> _Records supplied_:
Segment Open

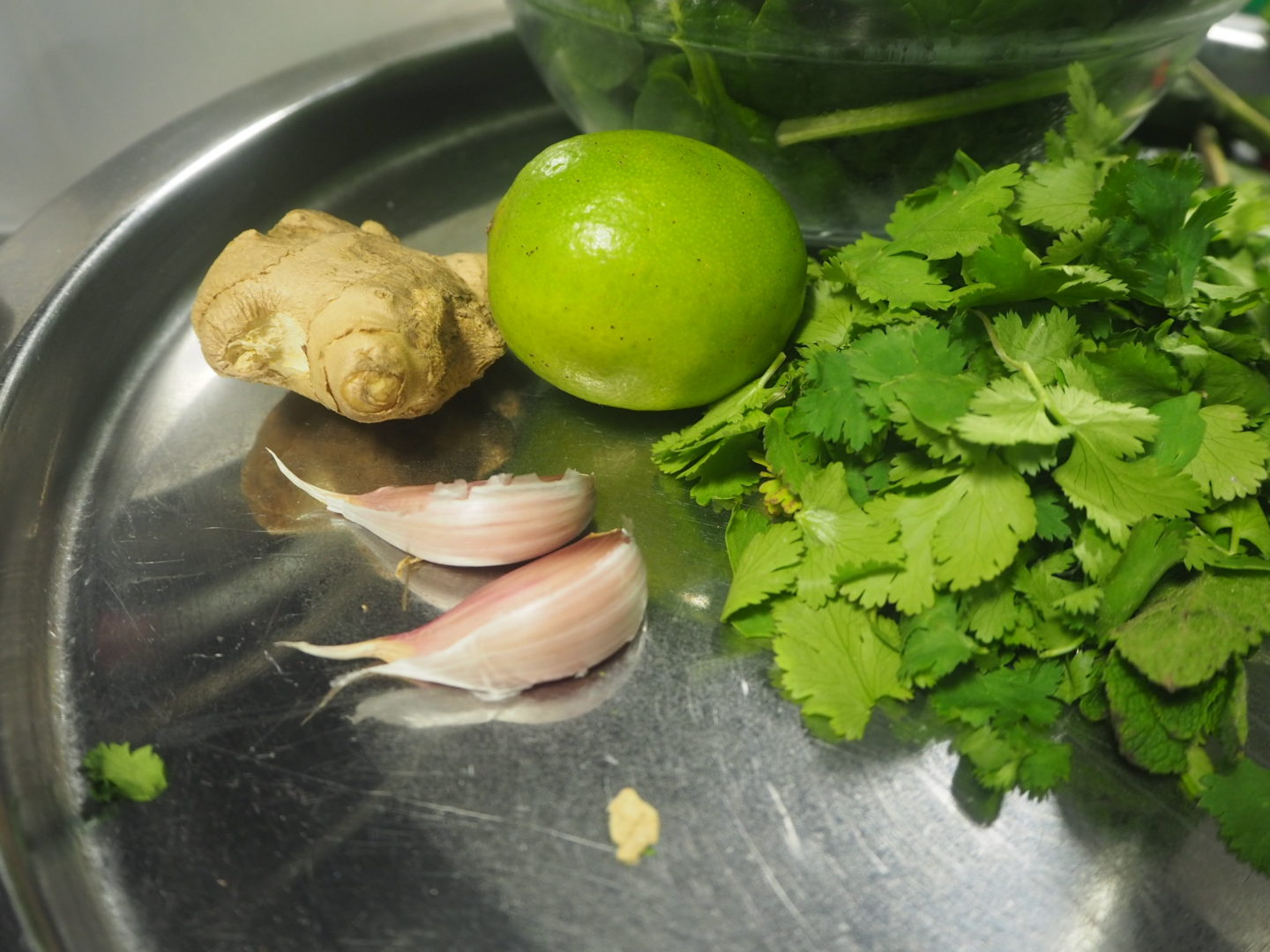 Fresh ginger, garlic, lime and coriander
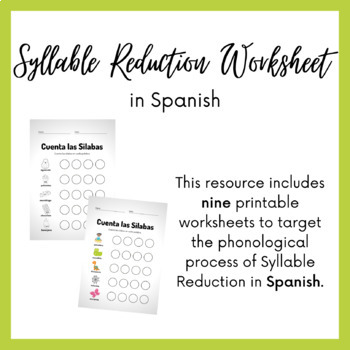 Preview of Spanish Syllable Reduction Worksheets for Speech Therapy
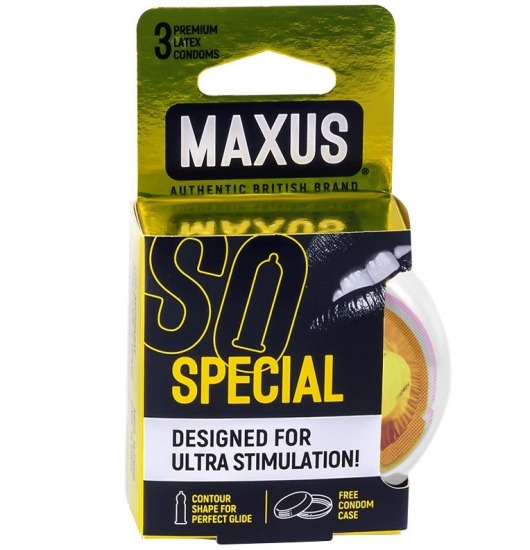 Презервативы с точками и рёбрами в пластиковом кейсе MAXUS Special - 3 шт. - Maxus - купить с доставкой в Жуковском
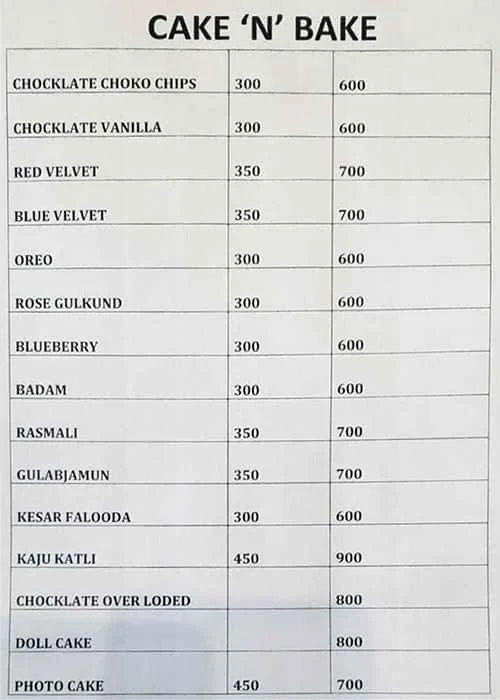 Cake N Bake menu 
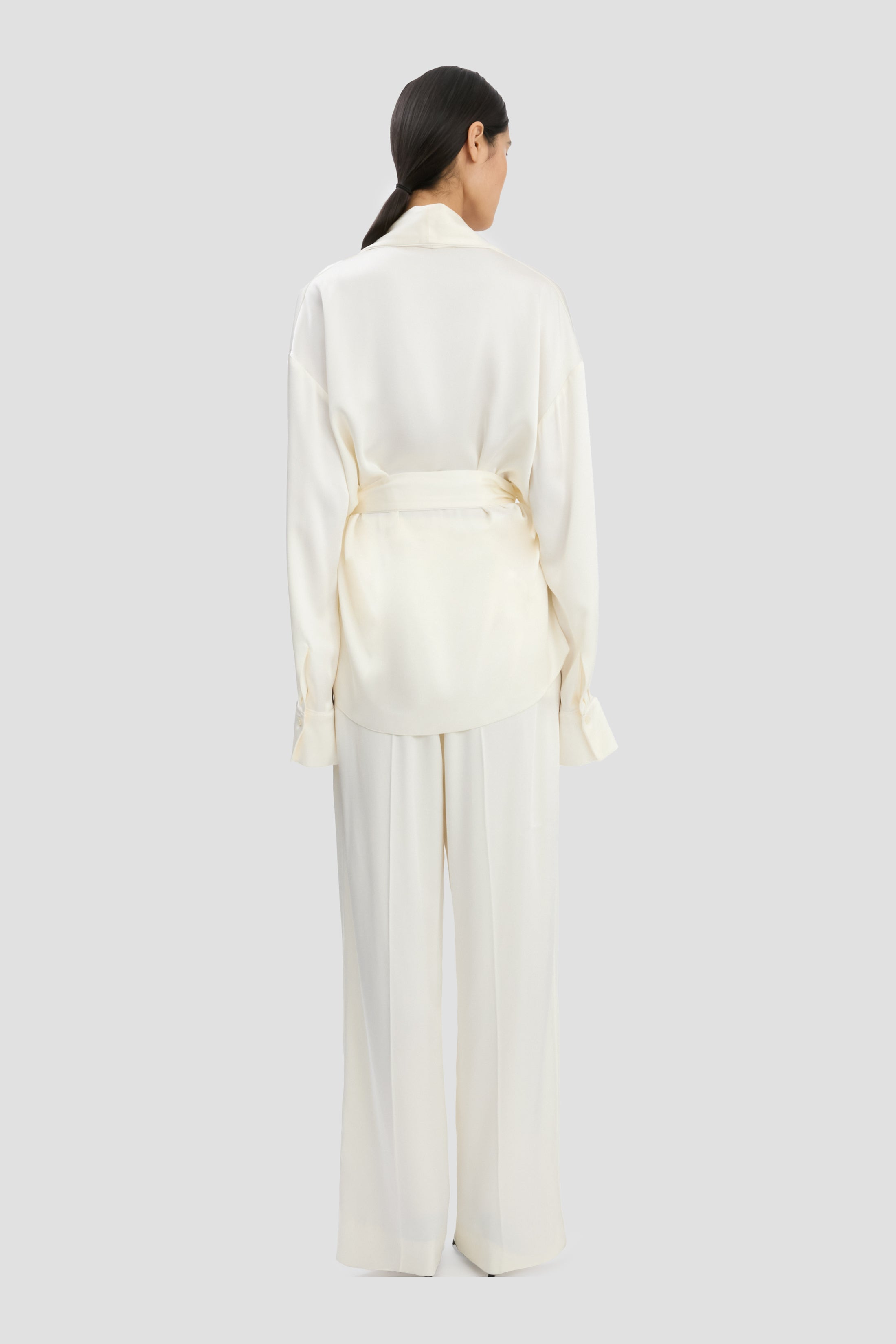 Pyjama Wrap Blouse In Ivory - 5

Segment Closed

> _Activity_:
All of the data above must be printed exactly, minus its pictures.

> _Response_:
 Fresh ginger, garlic, lime and coriander
 Preview of Spanish Syllable Reduction Worksheets for Speech Therapy
 Презервативы с точками и рёбрами в пластиковом кейсе MAXUS Special - 3 шт. - Maxus - купить с доставкой в Жуковском
 Cake N Bake menu 
 Pyjama Wrap Blouse In Ivory - 5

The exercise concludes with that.